United States v. Lance Brown

517 F. App'x 657
CourtCourt of Appeals for the Eleventh Circuit
DecidedApril 17, 2013
Docket12-12708
StatusUnpublished
Cited by1 cases

This text of 517 F. App'x 657 (United States v. Lance Brown) is published on Counsel Stack Legal Research, covering Court of Appeals for the Eleventh Circuit primary law. Counsel Stack provides free access to over 12 million legal documents including statutes, case law, regulations, and constitutions.

Bluebook
United States v. Lance Brown, 517 F. App'x 657 (11th Cir. 2013).

Opinion

*660 PER CURIAM:

Lance Brown appeals his conviction and sentence on three grounds. First, Brown argues his conviction followed an incorrect jury instruction. Second, Brown claims the custodial and halfway house components of his sentence are substantively unreasonable. Third, Brown argues the order directing him to make immediate restitution in the amount of $1,450 was factually and legally unsupported. After careful review of the record and the parties’ briefs, we dismiss as moot Brown’s challenge to his completed prison term and affirm the district court as to all other issues. 1

I. The Supplemental Jury Charge

Brown was indicted for malicious mischief, in violation of 18 U.S.C. § 1861, for throwing a brick through the glass doors of the United States Courthouse and Post Office in Columbus, Georgia. To convict Brown of the offense as charged in the indictment, the Government needed to prove he “willfully injure[d] and committed] a depredation against any property of the United States ... resulting in more than $1,000 in damages.” According to undisputed testimony at trial, the glass doors — which Brown admitted destroying — cost $1,437 to replace.

During deliberations, the jury sent a question to the court, asking whether “damage” meant “what was damaged” or whether the term meant “replacement cost and/or labor.” After a colloquy with counsel, in which defense counsel objected but offered no constructive alternative, the court instructed the jury that “damage” meant “the reasonable cost of repairing the damaged property.” Thereafter, the jury unanimously found Brown guilty as charged.

Brown argues the district court committed reversible error in its supplemental instruction defining “damage,” because the ordinary meaning of that term includes a great deal more than simply the reasonable cost of repair. Brown’s argument is meritless.

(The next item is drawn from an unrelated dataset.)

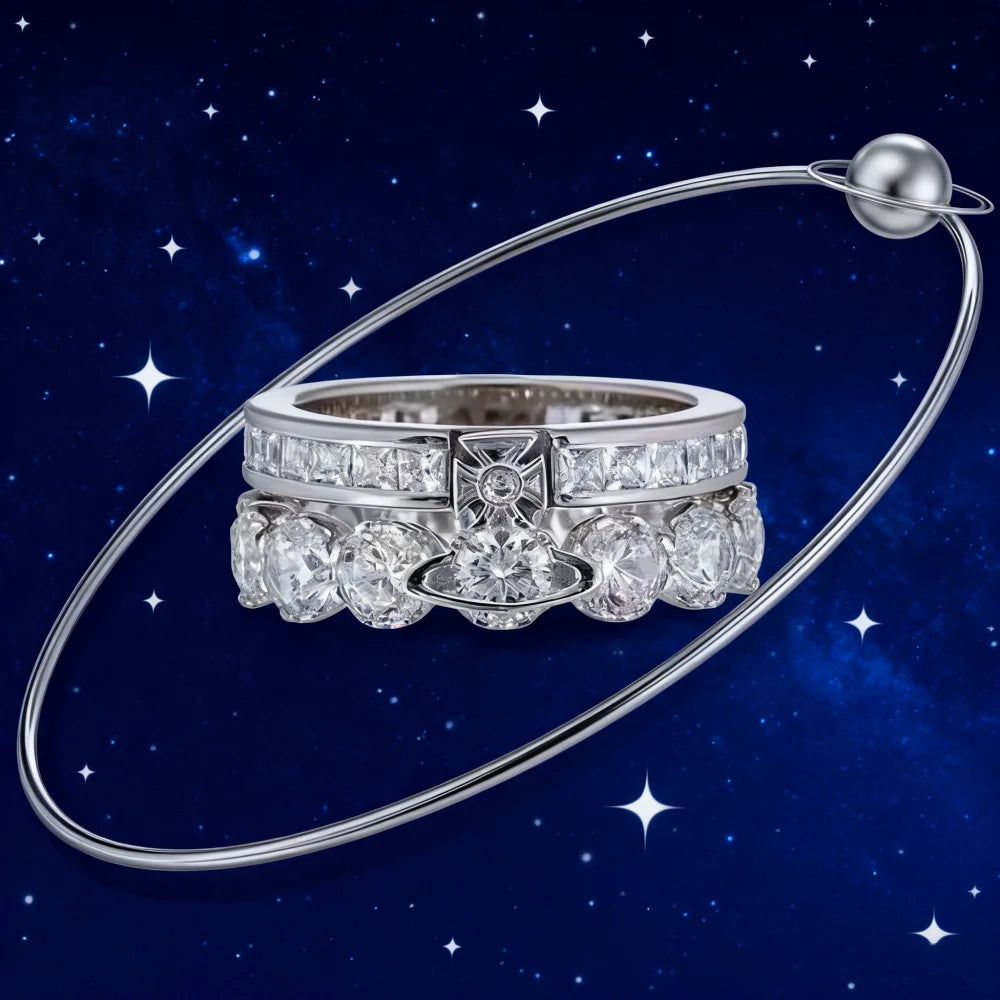Sterling Silver Double-layer Diamond Saturn Ring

Although this Court reviews jury instructions de novo, “[o]ur practice is not to nitpick the instructions for minor defects.” Holland v. Gee, 677 F.3d 1047, 1067 (11th Cir.2012). Supplemental charges are reviewed “as part of the entire jury charge, in light of the indictment, evidence presented and argument of counsel.” United States v. Lopez, 590 F.3d 1238, 1248 (11th Cir.2009). So long as the instructions, “taken together, properly express the law applicable to the case, there is no error even though an isolated clause may be inaccurate, ambiguous, incomplete, or otherwise subject to criticism.” Holland, 677 F.3d at 1067.

The district court did not err in issuing the supplemental charge defining “damage” under 18 U.S.C. § 1361. When a statutory term is undefined, courts give it its “ordinary meaning,” and may look to dictionaries when doing so. Lopez, 590 F.3d at 1248. In this case, the district court did not explicitly rely on dictionaries, but its supplemental instruction comports with legal and non-legal dictionary definitions of “damage” or “damages.” 2 Thus, *661 when viewing the instructions holistically, we have no doubt “the jury was properly guided in its deliberations,” id., even if the supplemental charge did not encompass every variant meaning of the term “damage,” cf. United States v. Williams, 642 F.2d 136, 140 (5th Cir.1981) (stressing that jury instructions should “reasonably relate to the factual situation of the case”). 3

Equally meritless is Brown’s contention the supplemental charge somehow created a conclusive presumption of guilt. In this case, “no reasonable juror could have interpreted the words of the” supplemental charge “to require a certain ultimate conclusion upon the finding of a subsidiary evidentiary fact.” United States v. Gaines, 690 F.2d 849, 853 (11th Cir.1982). The jury was. clearly entitled to find that, although $1,437 was the actual cost of replacing the doors, it was nonetheless not a reasonable cost of repairing the damaged property. Simply because the jury found the actual replacement costs persuasive evidence of damages, or reasonable repair costs, does not mean they were mandated to do so in an unconstitutional sense. Cf. United States v. Dean, 517 F.3d 1224, 1231 (11th Cir.2008). There simply is no “reasonable likelihood” this jury thought they were required to find a particular elemental fact — i.e., damages or reasonable cost of repairs over $1,000 — based solely on proof of an evidentiary fact — i.e., $1,437 in replacement costs. See Waddington v. Sarausad, 555 U.S. 179, 191, 129 S.Ct. 823, 172 L.Ed.2d 532 (2009). Accordingly, because the Government was required to, and did, carry its burden of proving Brown’s guilt beyond a reasonable doubt, we affirm Brown’s conviction.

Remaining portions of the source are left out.